Each “rule” defines a “filter” (which uses “constraints” to specify methods for which a “model” should be generated) and a “model”. A rule has the following key/values:

  • find: The type of thing to find. We support methods, variables, fields, and instructions;

  • where: A list of “constraints”. All constraints must be satisfied by a method or field in order to generate a model for it. All the constraints are listed below, grouped by the type of object they are applied to:

    • Method:

      • signature_match: Expects at least one of the two allowed groups of extra properties: [name | names] [parent | parents | extends [include_self]] where:

        • name (a single string) or names (a list of alternative strings): is exact matched to the method name

        • parent (a single string) or parents (a list of alternative strings) is exact matched to the class of the method or extends (either a single string or a list of alternative strings) is exact matched to the base classes or interfaces of the method. extends allows an optional property include_self which is a boolean to indicate if the constraint is applied to the class itself or not (defaults to true).

        • unqualified-id: a string that is exact matched to the complete ID of the function to match against; this format is dumped when using ctadl inspect --dump-source-sink-models

      • signature | signature_pattern: Expects an extra property pattern which is a regex (with appropriate escaping) to fully match the full signature (class, method, argument types) of a method. Note: this is expensive to evaluate because each signature needs to be compared against each pattern. If there are lots of patterns and lots of functions, the slowdown is noticeable;

      • parent: Expects an extra property inner [Type] which contains a nested constraint to apply to the class holding the method;

      • parameter: Expects an extra properties idx and inner [Parameter] or [Type], matches when the idx-th parameter of the function or method matches the nested constraint inner;

      • any_parameter: Expects an optional extra property start_idx and inner [Parameter] or [Type], matches when there is any parameters (starting at start_idx) of the function or method matches the nested constraint inner;

      • has_code: Accepts an extra property value which is either true or false. By default, value is considered true;

      • number_parameters: Expects an extra property inner [Integer] which contains a nested constraint to apply to the number of parameters (counting the implicit this parameter);

      • name: Expects an extra property pattern which is a regex to fully match the name of the item

    • Variable:

      • signature_match: Expects at least one of the two allowed groups of extra properties: [name | names] [parent | parents | extends [include_self]] where:

        • name (a single string) or names (a list of alternative strings): is exact matched to the variable name

        • parent (a single string) or parents (a list of alternative strings) is exact matched to the function containing the variable

      • signature | signature_pattern: Expects an extra property pattern which is a regex (with appropriate escaping) to fully match the variable name;

      • parent: Expects an extra property inner [Type] which contains a nested constraint to apply to the function containing the variable;

      • name: Expects an extra property pattern which is a regex to fully match the name of the item

    • Instruction:

      • uses_field: Matches on instructions that use fields. Expects one of the extra properties: [name | names] | unqualified-id where:

        • name (a single string) or names (a list of alternative strings) is exact matched to the unadorned field name

        • unqualified-id (a single string) is matched to the fully-qualified field ID, which is language-specifid

    • Integer:

      • < | <= | == | > | >= | !=: Expects an extra property value which contains an integer that the input integer is compared with. The input is the left hand side.
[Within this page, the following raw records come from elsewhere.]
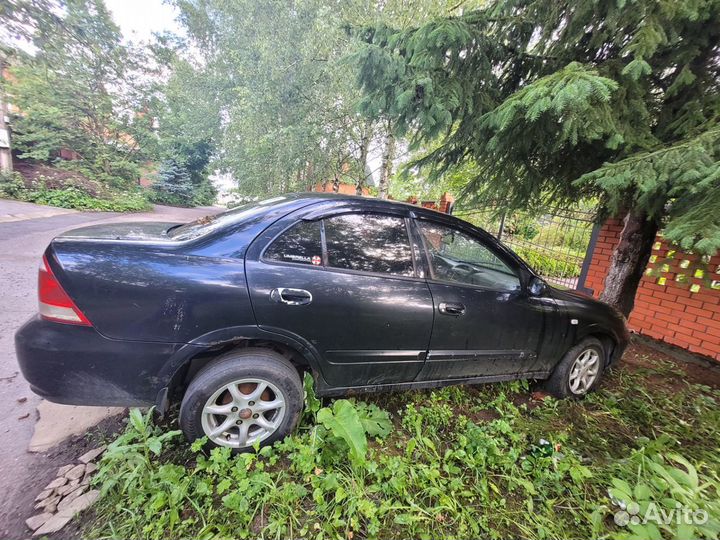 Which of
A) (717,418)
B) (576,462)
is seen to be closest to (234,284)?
(576,462)

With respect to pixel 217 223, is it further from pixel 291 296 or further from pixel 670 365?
pixel 670 365

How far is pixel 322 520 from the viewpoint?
1578 mm

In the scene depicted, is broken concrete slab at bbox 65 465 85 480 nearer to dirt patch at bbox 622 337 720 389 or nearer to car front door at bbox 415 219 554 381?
car front door at bbox 415 219 554 381

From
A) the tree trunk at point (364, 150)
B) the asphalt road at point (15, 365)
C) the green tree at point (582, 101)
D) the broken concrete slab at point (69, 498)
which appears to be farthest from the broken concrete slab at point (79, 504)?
the tree trunk at point (364, 150)

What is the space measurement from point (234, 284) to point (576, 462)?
2456 millimetres

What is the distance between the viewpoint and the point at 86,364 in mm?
1611

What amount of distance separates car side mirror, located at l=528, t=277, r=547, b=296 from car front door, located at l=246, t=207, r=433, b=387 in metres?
1.00

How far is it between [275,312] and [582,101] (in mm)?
2520

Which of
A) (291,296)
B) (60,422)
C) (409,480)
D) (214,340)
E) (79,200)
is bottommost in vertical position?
(60,422)

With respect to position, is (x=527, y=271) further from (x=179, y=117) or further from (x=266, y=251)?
(x=179, y=117)

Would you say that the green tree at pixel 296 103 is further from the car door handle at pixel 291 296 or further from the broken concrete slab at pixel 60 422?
the broken concrete slab at pixel 60 422

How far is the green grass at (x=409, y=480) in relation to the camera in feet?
5.05

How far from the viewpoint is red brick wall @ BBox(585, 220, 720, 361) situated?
3594 millimetres

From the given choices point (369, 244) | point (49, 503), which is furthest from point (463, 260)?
point (49, 503) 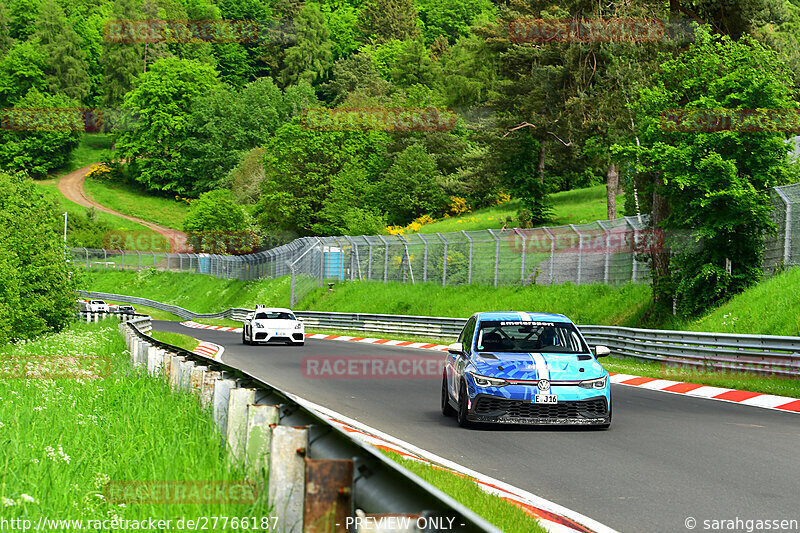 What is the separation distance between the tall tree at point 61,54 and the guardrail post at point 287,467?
155320mm

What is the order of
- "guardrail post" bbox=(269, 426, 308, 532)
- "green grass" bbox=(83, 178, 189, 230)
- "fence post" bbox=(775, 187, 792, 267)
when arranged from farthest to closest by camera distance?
1. "green grass" bbox=(83, 178, 189, 230)
2. "fence post" bbox=(775, 187, 792, 267)
3. "guardrail post" bbox=(269, 426, 308, 532)

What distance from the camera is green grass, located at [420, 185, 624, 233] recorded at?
63.1 m

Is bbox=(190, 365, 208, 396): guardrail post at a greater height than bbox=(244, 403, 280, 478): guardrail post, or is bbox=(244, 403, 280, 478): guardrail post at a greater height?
bbox=(244, 403, 280, 478): guardrail post

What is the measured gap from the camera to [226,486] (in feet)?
17.5

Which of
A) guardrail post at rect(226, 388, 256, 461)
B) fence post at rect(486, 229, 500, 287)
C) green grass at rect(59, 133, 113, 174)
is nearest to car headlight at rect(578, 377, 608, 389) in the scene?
guardrail post at rect(226, 388, 256, 461)

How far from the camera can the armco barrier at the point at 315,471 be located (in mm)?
3078

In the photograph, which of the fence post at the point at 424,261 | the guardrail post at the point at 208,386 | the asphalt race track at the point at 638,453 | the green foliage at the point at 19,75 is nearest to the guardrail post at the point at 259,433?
the guardrail post at the point at 208,386

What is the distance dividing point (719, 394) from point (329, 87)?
13579 centimetres

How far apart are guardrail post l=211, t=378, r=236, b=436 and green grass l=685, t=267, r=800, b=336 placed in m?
16.3

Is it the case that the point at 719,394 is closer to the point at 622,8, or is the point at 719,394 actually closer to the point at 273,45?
the point at 622,8

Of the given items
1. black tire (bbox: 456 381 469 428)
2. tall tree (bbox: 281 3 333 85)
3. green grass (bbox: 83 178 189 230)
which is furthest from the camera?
tall tree (bbox: 281 3 333 85)

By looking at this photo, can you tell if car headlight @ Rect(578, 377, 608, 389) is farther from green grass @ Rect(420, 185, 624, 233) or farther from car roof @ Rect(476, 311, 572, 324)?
green grass @ Rect(420, 185, 624, 233)

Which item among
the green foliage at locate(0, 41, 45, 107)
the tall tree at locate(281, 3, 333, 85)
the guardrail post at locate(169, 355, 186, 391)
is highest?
the tall tree at locate(281, 3, 333, 85) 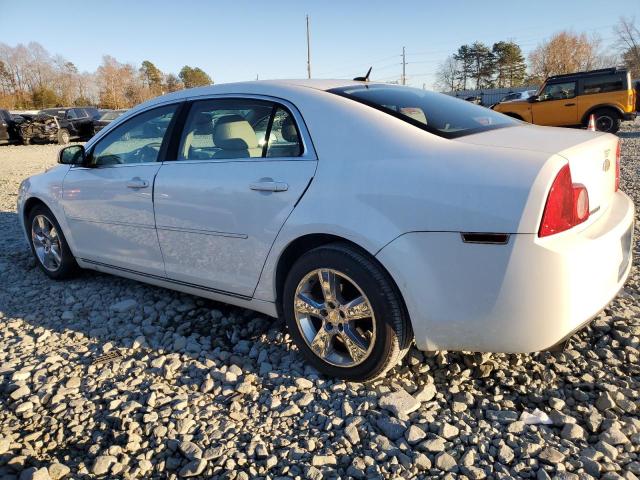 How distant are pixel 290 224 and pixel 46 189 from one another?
9.28 ft

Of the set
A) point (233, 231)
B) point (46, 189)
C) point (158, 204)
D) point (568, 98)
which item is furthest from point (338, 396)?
point (568, 98)

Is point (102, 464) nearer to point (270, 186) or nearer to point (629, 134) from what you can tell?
point (270, 186)

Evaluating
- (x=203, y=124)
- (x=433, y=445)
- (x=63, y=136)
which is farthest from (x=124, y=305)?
(x=63, y=136)

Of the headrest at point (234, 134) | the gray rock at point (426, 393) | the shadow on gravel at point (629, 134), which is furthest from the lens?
the shadow on gravel at point (629, 134)

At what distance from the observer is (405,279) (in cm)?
227

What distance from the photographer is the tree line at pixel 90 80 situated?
70.8 meters

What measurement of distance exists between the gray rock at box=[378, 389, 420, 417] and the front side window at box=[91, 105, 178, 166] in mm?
2208

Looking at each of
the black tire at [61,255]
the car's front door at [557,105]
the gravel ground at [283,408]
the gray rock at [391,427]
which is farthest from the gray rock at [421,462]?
the car's front door at [557,105]

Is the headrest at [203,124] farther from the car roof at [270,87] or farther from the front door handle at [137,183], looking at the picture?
the front door handle at [137,183]

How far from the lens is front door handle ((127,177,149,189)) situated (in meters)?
3.35

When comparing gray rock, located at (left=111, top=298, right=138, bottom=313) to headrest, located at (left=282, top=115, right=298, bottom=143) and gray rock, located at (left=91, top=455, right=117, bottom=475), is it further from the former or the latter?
headrest, located at (left=282, top=115, right=298, bottom=143)

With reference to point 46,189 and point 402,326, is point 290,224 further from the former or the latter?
point 46,189

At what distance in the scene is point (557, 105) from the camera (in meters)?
15.0

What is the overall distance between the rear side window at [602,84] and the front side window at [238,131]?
1473cm
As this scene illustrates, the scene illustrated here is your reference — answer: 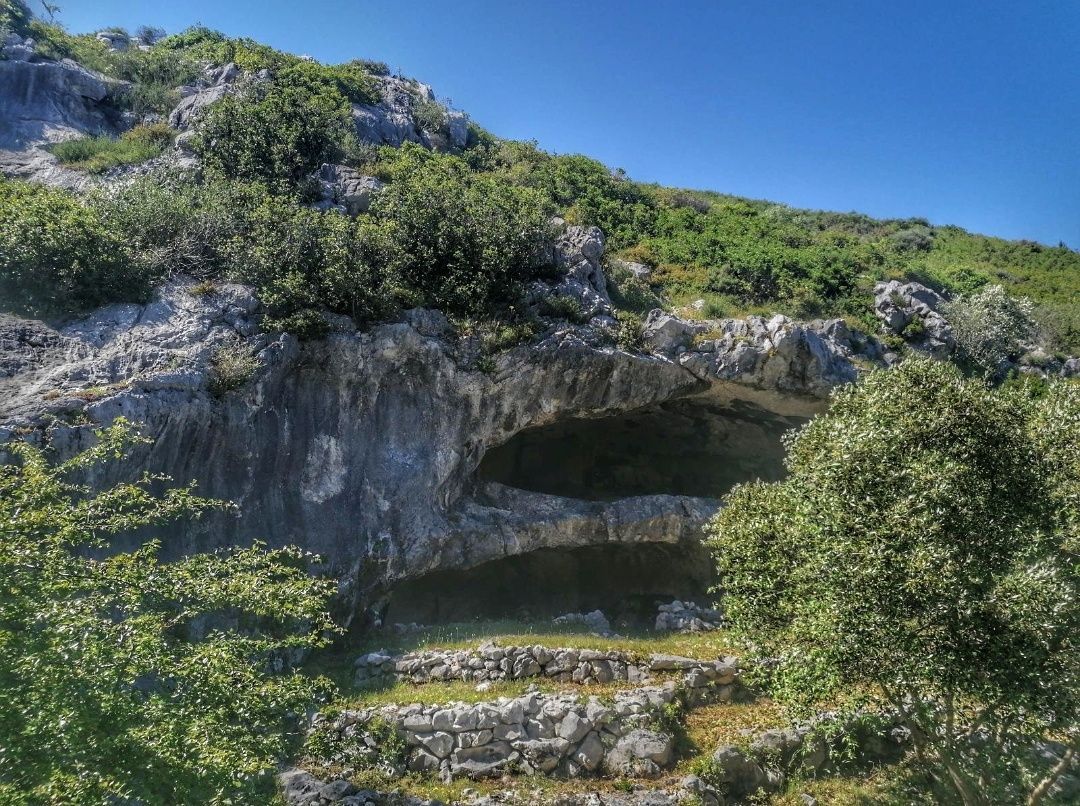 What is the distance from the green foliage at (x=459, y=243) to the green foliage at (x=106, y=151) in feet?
38.4

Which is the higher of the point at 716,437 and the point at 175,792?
the point at 716,437

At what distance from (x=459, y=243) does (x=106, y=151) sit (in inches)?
689

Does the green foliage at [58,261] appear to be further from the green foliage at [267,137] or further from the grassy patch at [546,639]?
the grassy patch at [546,639]

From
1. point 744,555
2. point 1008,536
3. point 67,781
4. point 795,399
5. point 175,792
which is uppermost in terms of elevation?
point 795,399

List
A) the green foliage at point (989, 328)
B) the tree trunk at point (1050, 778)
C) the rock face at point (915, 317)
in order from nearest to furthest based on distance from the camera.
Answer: the tree trunk at point (1050, 778), the green foliage at point (989, 328), the rock face at point (915, 317)

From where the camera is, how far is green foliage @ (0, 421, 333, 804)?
6027 mm

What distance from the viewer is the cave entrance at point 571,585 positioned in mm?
22062

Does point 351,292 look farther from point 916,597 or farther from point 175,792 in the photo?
point 916,597

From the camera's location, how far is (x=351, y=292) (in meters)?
19.8

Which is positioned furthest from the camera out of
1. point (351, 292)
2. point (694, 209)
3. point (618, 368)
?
point (694, 209)

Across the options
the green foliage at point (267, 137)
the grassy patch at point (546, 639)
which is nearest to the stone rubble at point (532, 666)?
the grassy patch at point (546, 639)

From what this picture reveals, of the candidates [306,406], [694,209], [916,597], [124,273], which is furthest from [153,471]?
[694,209]

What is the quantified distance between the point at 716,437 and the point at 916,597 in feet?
54.6

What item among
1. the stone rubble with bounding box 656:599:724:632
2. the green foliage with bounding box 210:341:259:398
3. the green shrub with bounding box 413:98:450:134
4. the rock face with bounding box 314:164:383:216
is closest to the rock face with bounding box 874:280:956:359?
the stone rubble with bounding box 656:599:724:632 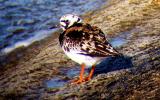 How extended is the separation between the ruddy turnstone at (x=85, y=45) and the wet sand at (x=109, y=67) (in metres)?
0.46

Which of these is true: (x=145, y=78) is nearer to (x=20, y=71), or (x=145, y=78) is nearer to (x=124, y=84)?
(x=124, y=84)

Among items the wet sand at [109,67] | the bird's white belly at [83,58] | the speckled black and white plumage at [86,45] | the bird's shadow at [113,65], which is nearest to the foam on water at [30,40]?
the wet sand at [109,67]

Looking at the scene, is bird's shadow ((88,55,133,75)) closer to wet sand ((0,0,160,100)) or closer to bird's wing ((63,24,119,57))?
wet sand ((0,0,160,100))

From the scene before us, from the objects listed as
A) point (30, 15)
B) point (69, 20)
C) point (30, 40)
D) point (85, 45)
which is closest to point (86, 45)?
point (85, 45)

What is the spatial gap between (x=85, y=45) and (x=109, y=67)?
119cm

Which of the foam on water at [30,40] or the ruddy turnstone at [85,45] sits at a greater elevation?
the ruddy turnstone at [85,45]

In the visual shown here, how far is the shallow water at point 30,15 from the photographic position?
1218 centimetres

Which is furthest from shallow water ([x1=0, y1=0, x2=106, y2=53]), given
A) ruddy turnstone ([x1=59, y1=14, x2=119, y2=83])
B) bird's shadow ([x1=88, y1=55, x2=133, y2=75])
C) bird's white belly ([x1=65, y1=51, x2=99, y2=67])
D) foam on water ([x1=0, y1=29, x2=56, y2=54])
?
bird's white belly ([x1=65, y1=51, x2=99, y2=67])

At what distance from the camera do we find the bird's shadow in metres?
7.97

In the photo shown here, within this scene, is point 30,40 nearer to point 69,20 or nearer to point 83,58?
point 69,20

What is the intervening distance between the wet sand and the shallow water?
867mm

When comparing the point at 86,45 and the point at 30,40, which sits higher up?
the point at 86,45

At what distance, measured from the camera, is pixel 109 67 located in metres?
8.14

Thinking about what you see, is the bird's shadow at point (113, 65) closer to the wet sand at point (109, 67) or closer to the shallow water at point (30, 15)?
the wet sand at point (109, 67) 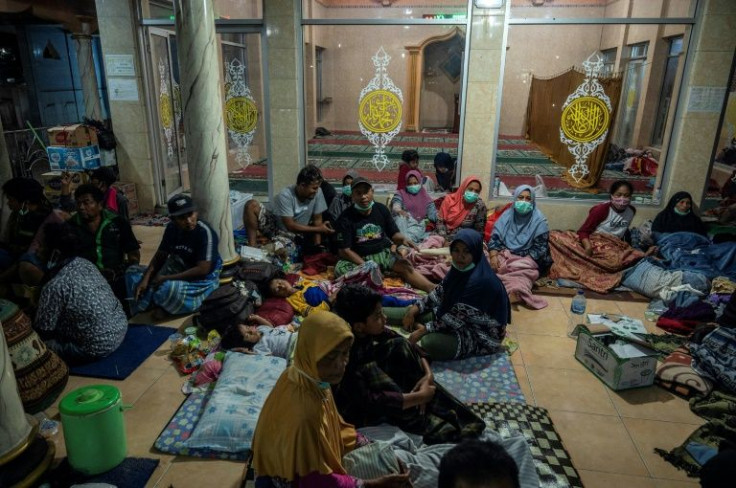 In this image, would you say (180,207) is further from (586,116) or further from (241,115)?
(586,116)

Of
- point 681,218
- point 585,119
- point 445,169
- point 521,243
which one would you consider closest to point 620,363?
point 521,243

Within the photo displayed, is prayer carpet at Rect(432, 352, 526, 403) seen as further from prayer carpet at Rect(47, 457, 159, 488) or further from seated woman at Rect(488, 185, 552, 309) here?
prayer carpet at Rect(47, 457, 159, 488)

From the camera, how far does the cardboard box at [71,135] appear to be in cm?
677

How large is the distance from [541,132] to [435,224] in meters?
2.12

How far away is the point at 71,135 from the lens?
6789 mm

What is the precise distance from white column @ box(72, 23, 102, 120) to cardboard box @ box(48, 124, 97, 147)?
1.90 m

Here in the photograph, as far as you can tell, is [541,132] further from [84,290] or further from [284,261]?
[84,290]

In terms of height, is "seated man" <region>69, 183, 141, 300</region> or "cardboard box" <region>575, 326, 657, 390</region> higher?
"seated man" <region>69, 183, 141, 300</region>

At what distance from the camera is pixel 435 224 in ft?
19.8

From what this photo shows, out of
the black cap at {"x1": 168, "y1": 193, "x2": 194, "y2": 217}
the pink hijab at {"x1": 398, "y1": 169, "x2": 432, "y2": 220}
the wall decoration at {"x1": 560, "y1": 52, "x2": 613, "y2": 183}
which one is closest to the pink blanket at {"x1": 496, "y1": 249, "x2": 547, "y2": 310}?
the pink hijab at {"x1": 398, "y1": 169, "x2": 432, "y2": 220}

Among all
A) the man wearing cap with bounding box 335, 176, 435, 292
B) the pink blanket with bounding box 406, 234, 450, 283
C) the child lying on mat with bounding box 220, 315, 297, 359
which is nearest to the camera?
the child lying on mat with bounding box 220, 315, 297, 359

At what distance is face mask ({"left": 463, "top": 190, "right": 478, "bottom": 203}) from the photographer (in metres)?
5.68

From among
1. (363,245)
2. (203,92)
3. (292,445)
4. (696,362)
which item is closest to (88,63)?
(203,92)

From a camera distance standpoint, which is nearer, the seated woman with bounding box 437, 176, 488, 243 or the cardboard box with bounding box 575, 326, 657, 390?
the cardboard box with bounding box 575, 326, 657, 390
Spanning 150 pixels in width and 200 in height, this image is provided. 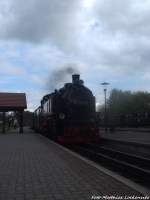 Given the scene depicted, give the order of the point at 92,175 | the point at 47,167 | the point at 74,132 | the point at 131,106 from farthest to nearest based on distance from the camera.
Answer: the point at 131,106, the point at 74,132, the point at 47,167, the point at 92,175

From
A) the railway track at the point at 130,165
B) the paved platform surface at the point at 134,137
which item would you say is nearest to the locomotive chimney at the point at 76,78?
the paved platform surface at the point at 134,137

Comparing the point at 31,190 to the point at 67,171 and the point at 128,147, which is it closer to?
the point at 67,171

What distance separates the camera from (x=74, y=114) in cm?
2728

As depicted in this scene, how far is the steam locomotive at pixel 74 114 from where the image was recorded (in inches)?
1046

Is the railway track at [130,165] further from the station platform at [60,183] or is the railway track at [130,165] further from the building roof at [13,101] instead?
the building roof at [13,101]

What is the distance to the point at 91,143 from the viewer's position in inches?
1088

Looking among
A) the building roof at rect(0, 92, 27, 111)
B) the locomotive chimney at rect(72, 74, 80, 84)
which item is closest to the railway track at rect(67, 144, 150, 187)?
the locomotive chimney at rect(72, 74, 80, 84)

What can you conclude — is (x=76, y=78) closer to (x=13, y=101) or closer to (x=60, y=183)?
(x=60, y=183)

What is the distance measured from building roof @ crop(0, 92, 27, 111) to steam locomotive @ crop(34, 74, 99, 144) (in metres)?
18.2

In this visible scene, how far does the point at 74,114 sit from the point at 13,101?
2086 centimetres

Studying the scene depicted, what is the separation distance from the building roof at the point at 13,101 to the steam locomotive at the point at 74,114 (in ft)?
59.7

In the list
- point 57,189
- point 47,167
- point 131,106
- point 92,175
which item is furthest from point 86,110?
point 131,106

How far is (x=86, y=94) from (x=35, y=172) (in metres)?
16.2

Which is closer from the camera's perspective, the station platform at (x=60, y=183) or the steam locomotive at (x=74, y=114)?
the station platform at (x=60, y=183) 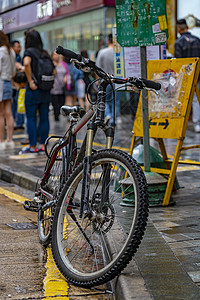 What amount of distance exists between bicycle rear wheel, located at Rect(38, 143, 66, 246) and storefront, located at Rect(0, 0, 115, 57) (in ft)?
50.5

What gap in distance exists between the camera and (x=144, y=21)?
19.1 ft

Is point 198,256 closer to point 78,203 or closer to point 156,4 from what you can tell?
point 78,203

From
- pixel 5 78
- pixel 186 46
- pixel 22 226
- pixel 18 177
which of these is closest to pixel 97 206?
pixel 22 226

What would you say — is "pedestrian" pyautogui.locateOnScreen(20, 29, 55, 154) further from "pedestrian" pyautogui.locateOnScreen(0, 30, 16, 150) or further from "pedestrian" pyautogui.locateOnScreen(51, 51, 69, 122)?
"pedestrian" pyautogui.locateOnScreen(51, 51, 69, 122)

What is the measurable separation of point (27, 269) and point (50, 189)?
31.1 inches

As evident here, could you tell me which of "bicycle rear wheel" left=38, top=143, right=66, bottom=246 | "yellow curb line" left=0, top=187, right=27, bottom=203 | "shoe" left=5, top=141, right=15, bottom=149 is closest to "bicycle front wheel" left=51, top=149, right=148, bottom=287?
"bicycle rear wheel" left=38, top=143, right=66, bottom=246

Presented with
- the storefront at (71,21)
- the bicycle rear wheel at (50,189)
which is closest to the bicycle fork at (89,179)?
the bicycle rear wheel at (50,189)

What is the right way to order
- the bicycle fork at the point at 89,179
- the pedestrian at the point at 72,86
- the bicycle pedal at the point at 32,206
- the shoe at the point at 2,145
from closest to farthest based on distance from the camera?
1. the bicycle fork at the point at 89,179
2. the bicycle pedal at the point at 32,206
3. the shoe at the point at 2,145
4. the pedestrian at the point at 72,86

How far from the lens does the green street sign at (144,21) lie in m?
5.78

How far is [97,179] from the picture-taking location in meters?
3.90

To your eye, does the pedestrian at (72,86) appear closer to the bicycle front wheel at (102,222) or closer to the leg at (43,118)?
the leg at (43,118)

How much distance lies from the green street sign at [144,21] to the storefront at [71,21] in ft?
46.0

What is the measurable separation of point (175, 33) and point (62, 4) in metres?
7.97

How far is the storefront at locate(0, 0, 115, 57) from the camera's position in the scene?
20.2 meters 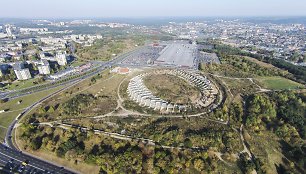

    • Any (Method, Parameter, Type, Field or Integer):

      • all_of: Expects an extra property inners [Any] which is an array holding nested constraints which must all apply;

      • any_of: Expects an extra property inners [Any] which is an array holding nested constraints where one of them must apply;

      • not: Expects an extra property inner [Any] which contains a nested constraint that should not apply. (Note this is not yet implemented for Fields)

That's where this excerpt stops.